Qui voulais rapprocher, sous ta grande bannière,
Les peuples réunis par les liens étroits
De la paix bienveillante et du respect des droits !
O toi, qui construisais un superbe édifice
Et qui gravais ces mots sur son haut frontispice :
« Honorons le travail, aimons la liberté,
» Et tous nous grandirons dans la fraternité ! »
Ton édifice, ô siècle, est tombé dans la poudre,
Détruit et consumé par des éclats de foudre.
Et l'on voit aujourd'hui, vers le tison fumant,
Tes enfants consternés d'un tel embrasement !

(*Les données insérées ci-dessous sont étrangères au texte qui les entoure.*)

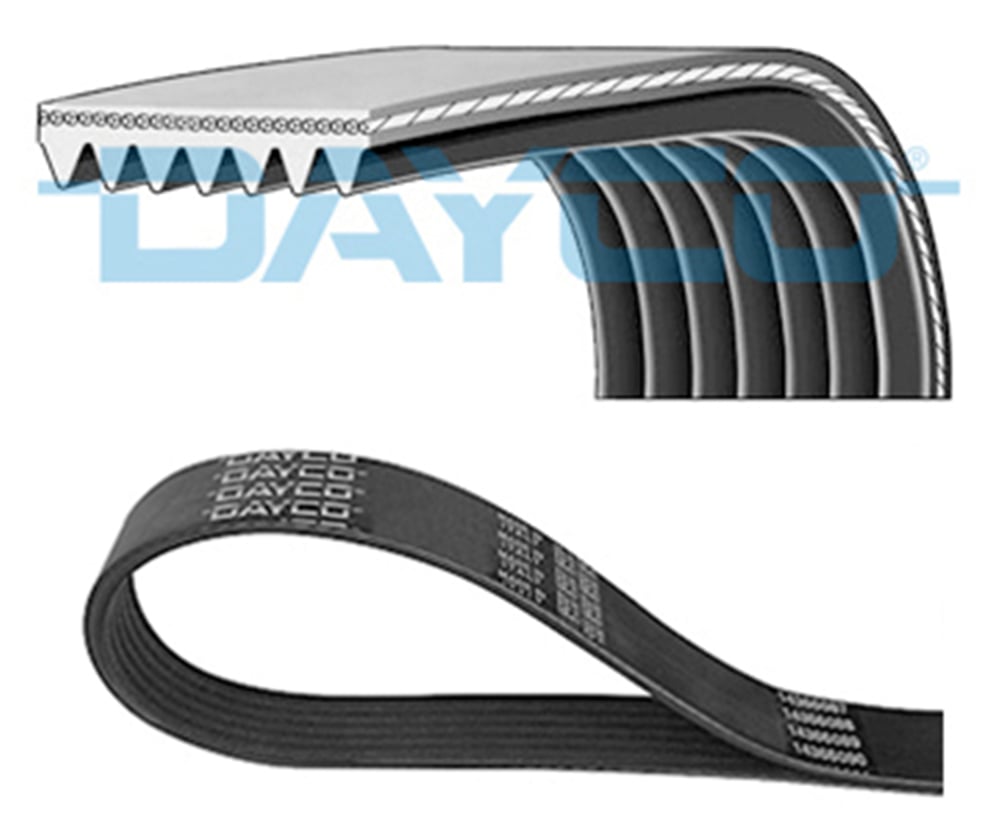 DAYCO 7PK1516S - V Kayisi - Japon Hilux (kun15, Kun25, Kun35)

O siècle vaniteux, fier de tes découvertes,
De tes inventions, de tes prodiges ! — Certes,
Tu ne t'attendais pas aux spectacles affreux
Que la guerre nous offre en ces jours malheureux.
Ce n'est pas seulement les mortelles alarmes,
L'épouvante, l'effroi, le sort cruel des armes,
La défaite, la honte, ou la captivité,
Le pillage et le vol… c'est la férocité !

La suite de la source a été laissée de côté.